The National Chicken Council (NCC) lauded the amendment’s inclusion.
“NCC and our members recognize that sequestration presents significant challenges that require USDA and all other federal government agencies to make difficult decisions to prioritize resources,” said NCC President Mike Brown. “But cutting an essential, legally mandated program such as food safety inspection is not the way to address the government’s budget deficit.

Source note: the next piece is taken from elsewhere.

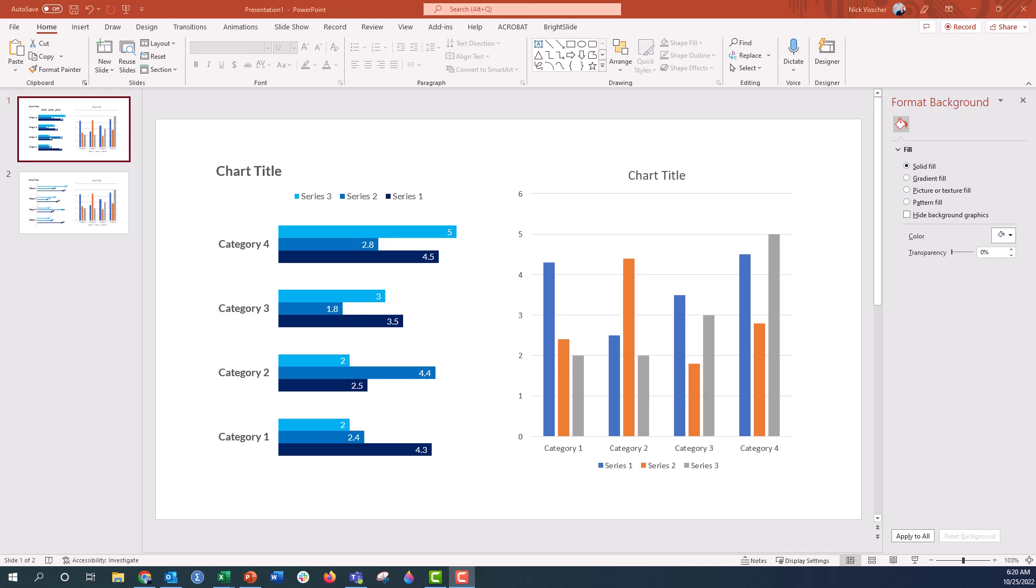One of the cool things that the new feature allows is format painting of charts, which is something that we never really could do before. You always had to update every single element of every single chart one by one.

Senators Pryor, Blunt, Coons, Carper, and Senate Appropriations Committee Chairman Mikulski and Ranking Member Shelby, are to be commended for their bipartisan leadership and their work to avoid this potential crisis.”
“This is a victory that will ensure the federal government can continue to meet its core duties, protect jobs, maintain exports, prevent harm to Rural America and help keep food affordable for all Americans,” Brown continued. “I urge the House to promptly pass the bill that came out of the Senate, and I look forward to the president’s signature thereafter.”
Through this process, NCC has contended that furloughing FSIS inspectors would be inconsistent with the mandates of the Federal Meat Inspection Act, the Poultry Products Inspection Act and the Egg Products Inspection Act, which prohibit the production, processing, or interstate distribution of meat, poultry and egg products without federal inspection.
“The amendment that passed today puts a fine point on the requirements of these mandates,” Brown added.
The $55 million in funding provided in the bill will not exempt FSIS from sequester cuts, but will put additional funding back into the account in order to try to prevent furloughs of front line food safety inspectors. It provides the administration with the flexibility to ensure “essential” federal employees continue to provide vital services, including meat and poultry inspection.
The funding is offset by decreasing accounts that were increased above the FY12 level in the Omnibus bill, including USDA’s Building and Facilities account. These offsets will not negatively impact USDA.
Last month, NCC and almost 40 other meat, poultry, food and grocery manufacturing and restaurant associations sent a letter to Agriculture Secretary Tom Vilsack urging that the department deem USDA food safety inspectors essential employees in the wake of any budget cuts.